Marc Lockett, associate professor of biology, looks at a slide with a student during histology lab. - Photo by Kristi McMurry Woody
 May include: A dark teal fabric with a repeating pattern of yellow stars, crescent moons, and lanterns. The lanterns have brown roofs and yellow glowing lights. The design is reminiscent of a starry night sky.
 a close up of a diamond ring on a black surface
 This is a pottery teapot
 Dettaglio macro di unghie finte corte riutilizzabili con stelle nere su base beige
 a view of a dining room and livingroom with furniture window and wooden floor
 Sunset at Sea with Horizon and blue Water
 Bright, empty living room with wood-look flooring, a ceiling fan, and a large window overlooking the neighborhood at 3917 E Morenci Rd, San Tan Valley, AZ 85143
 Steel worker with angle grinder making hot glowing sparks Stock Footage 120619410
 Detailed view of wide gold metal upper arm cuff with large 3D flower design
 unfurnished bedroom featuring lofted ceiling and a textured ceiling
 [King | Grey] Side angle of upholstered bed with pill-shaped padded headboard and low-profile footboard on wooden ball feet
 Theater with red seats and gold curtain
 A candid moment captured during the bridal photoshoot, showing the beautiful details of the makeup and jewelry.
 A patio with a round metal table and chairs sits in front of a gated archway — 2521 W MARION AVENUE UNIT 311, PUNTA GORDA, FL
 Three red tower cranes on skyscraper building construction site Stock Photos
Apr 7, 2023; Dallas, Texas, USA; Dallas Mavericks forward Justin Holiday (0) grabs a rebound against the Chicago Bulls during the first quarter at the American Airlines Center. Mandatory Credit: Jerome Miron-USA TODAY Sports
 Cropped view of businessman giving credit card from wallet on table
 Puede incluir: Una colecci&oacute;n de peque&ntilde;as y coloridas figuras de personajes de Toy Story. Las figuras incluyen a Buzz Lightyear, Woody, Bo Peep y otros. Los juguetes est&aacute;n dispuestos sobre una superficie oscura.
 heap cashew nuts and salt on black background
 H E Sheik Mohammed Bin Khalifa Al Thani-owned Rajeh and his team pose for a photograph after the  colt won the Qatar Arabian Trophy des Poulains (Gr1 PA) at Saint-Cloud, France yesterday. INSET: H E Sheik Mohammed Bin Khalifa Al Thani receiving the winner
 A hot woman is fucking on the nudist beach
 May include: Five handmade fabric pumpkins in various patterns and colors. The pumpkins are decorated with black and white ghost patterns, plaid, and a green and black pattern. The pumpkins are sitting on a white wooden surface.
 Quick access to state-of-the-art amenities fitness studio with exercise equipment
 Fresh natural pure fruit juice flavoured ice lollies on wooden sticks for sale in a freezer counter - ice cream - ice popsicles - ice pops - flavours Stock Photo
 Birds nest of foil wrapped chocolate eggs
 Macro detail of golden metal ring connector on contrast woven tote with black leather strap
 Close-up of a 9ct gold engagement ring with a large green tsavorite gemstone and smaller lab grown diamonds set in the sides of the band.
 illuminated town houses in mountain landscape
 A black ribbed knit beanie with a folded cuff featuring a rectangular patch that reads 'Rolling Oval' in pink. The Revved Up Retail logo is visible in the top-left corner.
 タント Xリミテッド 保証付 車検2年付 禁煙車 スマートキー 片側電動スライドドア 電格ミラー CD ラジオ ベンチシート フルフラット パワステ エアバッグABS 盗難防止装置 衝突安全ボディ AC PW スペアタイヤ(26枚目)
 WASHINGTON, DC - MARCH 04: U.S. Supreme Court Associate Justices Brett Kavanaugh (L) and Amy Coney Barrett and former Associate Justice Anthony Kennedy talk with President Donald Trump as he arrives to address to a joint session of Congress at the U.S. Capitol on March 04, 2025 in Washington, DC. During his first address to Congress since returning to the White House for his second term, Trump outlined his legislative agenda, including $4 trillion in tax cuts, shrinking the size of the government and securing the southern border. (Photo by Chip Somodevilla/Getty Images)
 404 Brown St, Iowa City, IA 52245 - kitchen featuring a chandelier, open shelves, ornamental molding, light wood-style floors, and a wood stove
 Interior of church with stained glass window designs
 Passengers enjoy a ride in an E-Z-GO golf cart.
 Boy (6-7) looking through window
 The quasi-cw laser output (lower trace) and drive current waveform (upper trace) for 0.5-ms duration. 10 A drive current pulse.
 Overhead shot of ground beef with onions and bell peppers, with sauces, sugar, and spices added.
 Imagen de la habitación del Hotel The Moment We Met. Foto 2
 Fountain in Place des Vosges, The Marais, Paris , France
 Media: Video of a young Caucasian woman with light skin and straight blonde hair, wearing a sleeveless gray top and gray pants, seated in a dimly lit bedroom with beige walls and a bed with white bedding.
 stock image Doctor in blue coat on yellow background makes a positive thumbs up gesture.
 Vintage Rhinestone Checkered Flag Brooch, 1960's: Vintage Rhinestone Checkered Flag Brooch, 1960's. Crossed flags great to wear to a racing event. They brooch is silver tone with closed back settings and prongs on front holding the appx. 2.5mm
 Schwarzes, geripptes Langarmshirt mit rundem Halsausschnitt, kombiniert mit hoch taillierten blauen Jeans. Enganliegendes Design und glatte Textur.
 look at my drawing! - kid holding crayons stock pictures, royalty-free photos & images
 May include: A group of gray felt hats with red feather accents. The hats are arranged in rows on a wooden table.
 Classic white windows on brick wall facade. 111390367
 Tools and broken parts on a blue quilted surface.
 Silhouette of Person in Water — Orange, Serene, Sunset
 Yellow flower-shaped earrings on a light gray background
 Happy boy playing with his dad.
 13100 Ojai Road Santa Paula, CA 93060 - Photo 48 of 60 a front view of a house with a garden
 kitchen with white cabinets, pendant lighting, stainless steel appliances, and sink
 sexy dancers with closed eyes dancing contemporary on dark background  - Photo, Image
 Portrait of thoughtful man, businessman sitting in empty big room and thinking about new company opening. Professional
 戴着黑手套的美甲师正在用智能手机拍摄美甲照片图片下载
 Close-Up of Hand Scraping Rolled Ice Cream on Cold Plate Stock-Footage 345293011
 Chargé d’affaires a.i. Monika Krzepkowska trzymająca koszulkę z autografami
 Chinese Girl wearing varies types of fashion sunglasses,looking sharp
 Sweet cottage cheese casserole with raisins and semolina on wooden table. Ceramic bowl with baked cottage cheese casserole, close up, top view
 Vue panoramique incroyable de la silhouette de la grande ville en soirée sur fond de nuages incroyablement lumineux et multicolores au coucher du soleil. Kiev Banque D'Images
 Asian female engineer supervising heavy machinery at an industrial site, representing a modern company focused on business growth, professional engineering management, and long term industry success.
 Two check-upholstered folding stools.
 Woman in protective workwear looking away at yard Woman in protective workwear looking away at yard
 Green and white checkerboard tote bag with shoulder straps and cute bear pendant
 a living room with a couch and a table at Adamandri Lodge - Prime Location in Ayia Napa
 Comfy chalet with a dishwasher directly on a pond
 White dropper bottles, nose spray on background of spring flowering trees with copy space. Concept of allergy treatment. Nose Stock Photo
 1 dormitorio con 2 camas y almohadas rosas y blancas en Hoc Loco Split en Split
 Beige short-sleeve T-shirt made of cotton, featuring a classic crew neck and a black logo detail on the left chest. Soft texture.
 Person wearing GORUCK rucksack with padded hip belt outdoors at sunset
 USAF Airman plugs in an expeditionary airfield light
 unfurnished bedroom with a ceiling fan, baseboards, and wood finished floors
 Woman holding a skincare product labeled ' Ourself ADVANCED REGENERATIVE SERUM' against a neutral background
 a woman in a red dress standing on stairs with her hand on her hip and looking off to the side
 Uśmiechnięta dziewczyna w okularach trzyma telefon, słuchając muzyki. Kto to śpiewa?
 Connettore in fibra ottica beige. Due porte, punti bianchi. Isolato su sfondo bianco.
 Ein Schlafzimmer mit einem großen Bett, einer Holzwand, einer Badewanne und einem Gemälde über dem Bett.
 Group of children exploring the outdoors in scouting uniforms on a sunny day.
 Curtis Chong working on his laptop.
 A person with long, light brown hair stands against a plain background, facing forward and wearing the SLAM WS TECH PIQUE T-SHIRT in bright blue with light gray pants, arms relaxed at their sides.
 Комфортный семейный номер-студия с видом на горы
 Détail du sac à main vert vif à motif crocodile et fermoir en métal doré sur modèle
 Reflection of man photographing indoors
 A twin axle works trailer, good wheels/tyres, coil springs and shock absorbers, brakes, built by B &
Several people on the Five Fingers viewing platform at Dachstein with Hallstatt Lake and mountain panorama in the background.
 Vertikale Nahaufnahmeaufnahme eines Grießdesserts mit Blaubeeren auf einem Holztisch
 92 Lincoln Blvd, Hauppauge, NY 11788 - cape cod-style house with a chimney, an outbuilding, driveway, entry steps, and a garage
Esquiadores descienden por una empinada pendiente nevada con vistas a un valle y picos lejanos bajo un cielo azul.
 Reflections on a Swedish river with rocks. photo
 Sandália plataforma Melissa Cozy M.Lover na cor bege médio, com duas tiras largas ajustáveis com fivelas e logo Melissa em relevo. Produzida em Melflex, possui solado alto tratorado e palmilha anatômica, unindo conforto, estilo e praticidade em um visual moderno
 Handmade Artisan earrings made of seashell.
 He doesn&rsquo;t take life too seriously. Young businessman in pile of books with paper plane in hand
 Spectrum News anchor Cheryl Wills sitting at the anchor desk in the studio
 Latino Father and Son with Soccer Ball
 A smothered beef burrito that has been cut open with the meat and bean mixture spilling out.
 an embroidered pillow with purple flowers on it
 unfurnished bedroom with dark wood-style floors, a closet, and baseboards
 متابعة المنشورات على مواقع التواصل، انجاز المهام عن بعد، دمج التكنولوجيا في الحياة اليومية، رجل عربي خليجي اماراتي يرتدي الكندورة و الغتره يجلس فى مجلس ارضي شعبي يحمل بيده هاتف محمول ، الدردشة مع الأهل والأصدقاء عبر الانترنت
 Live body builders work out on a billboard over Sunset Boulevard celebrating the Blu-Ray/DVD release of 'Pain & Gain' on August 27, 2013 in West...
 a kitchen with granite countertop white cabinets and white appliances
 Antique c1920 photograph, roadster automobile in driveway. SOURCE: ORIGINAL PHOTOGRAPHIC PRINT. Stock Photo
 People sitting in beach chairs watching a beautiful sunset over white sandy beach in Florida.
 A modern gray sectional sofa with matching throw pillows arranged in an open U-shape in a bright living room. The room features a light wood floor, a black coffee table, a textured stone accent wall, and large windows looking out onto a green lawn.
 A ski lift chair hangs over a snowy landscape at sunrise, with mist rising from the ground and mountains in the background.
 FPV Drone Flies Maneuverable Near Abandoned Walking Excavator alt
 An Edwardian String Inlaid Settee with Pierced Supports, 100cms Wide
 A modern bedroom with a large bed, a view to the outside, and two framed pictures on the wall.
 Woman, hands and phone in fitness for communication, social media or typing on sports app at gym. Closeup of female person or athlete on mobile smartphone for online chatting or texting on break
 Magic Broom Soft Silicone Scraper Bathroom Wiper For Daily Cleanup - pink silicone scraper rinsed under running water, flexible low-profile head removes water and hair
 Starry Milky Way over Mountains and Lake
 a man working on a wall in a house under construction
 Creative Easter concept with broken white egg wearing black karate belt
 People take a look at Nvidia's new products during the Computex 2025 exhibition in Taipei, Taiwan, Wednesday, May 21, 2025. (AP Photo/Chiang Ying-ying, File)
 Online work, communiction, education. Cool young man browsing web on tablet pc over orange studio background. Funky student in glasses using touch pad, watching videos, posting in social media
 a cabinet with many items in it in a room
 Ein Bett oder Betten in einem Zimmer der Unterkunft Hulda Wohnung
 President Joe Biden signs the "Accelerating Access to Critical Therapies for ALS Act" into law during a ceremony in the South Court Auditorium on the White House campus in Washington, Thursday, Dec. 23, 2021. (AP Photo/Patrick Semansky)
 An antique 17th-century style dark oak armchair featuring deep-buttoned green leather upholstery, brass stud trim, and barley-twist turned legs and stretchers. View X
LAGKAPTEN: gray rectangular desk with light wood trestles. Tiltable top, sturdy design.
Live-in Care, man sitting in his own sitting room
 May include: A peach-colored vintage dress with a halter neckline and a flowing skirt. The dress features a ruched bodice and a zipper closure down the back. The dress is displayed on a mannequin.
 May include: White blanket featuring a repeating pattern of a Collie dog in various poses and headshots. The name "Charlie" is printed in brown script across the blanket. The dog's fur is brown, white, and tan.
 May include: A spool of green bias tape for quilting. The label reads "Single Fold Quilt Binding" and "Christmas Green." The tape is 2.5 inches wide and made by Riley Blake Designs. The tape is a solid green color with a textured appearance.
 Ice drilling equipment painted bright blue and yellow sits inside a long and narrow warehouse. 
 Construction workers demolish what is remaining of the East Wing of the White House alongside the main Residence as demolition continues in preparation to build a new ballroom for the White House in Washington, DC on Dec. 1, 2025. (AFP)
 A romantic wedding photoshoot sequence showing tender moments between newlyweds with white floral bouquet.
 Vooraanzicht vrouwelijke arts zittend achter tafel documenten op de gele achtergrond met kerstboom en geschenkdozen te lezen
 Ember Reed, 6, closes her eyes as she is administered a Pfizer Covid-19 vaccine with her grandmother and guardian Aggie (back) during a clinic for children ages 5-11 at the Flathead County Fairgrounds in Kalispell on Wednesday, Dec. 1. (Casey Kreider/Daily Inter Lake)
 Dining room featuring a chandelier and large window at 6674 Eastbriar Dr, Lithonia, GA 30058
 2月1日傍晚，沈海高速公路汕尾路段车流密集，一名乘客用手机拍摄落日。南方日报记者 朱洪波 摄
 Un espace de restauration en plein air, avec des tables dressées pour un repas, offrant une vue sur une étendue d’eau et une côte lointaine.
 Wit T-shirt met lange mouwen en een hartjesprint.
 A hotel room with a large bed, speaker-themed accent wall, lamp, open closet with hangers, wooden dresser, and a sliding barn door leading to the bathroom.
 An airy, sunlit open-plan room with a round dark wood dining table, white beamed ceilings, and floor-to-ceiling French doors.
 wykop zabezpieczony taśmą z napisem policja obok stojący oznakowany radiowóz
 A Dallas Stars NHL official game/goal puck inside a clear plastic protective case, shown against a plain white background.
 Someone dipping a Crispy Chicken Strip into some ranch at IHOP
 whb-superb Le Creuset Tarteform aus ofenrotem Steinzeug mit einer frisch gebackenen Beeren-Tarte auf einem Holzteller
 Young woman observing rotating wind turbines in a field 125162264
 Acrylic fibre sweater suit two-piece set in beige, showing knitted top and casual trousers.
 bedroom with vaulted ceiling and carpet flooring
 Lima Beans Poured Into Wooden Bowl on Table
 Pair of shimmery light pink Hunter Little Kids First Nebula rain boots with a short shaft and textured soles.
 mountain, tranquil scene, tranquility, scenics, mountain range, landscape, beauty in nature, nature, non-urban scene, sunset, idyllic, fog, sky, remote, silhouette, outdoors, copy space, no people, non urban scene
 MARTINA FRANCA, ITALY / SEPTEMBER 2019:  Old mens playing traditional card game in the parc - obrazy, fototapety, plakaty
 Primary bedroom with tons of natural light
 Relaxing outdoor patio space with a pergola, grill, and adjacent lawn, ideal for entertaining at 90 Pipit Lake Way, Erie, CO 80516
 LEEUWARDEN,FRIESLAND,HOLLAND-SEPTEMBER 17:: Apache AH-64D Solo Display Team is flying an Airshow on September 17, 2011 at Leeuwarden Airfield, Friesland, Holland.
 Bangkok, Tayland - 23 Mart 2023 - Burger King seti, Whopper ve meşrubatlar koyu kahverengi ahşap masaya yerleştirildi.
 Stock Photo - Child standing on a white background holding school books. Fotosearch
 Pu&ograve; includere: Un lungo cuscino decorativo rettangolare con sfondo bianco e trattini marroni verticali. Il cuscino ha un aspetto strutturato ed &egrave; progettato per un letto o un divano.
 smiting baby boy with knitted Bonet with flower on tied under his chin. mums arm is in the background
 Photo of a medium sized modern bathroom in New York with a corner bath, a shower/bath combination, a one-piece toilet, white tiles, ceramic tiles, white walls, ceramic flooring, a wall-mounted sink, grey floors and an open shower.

---+---

**Exercise instructions**
In the entries above, find each line that has the word "Dallas". Copy it.

**Solution for this exercise**
Apr 7, 2023; Dallas, Texas, USA; Dallas Mavericks forward Justin Holiday (0) grabs a rebound against the Chicago Bulls during the first quarter at the American Airlines Center. Mandatory Credit: Jerome Miron-USA TODAY Sports
 A Dallas Stars NHL official game/goal puck inside a clear plastic protective case, shown against a plain white background.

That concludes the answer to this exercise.